In the sleep medicine field, non-clinical samples are often used due to the accessibility in data collection [60], and the GSES seems to be a relevant measure in primary health care. In further studies, it would be beneficial to collect data from a larger and representative sample of the Portuguese population, with an update of each of the categories, namely sex, education level, activity sector, and professional group. It would be also relevant to explore a larger number of clinical samples beyond patients with insomnia. Finally, we posit that is essential for the evaluation of measures used in our clinical and research practice (in sleep medicine and other domains) concerning a complementary integration of the psychometric approaches.

Due to the standardized utilization of sleep measures in clinical assessment and therapy as a diagnostic complementary exam, we believe that the conclusions obtained with the present study can establish a starting point in the consideration of more advanced psychometric approaches in test sophistication. The promising study’s results suggest that the GSES seems to be a good example of a sleep effort measure for the Portuguese population with higher latent trait—sleep effort—values, that is, with moderate-to-severe symptomatology.
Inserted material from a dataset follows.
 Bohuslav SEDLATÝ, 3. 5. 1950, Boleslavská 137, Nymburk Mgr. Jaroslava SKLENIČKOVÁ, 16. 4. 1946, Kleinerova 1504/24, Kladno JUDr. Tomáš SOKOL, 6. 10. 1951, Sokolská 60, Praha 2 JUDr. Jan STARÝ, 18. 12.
Regarding practical implications of this study, we underline the development of shorter but still reliable and valid self-report measures to bridge the concerning with the overloading of patients with extensive research protocols and clinical evaluations [18, 37]. Ultimately, we suggest that it is possible to identify potential core items of the scale in assessment and as intervention tools for insomnia, without compromising its discriminative power. To this end, we may consider, for example, item factor loadings in the sleep effort construct (for CFA), item parameter levels and item and test information curves (for IRT analysis), and node centrality (for NA) combined.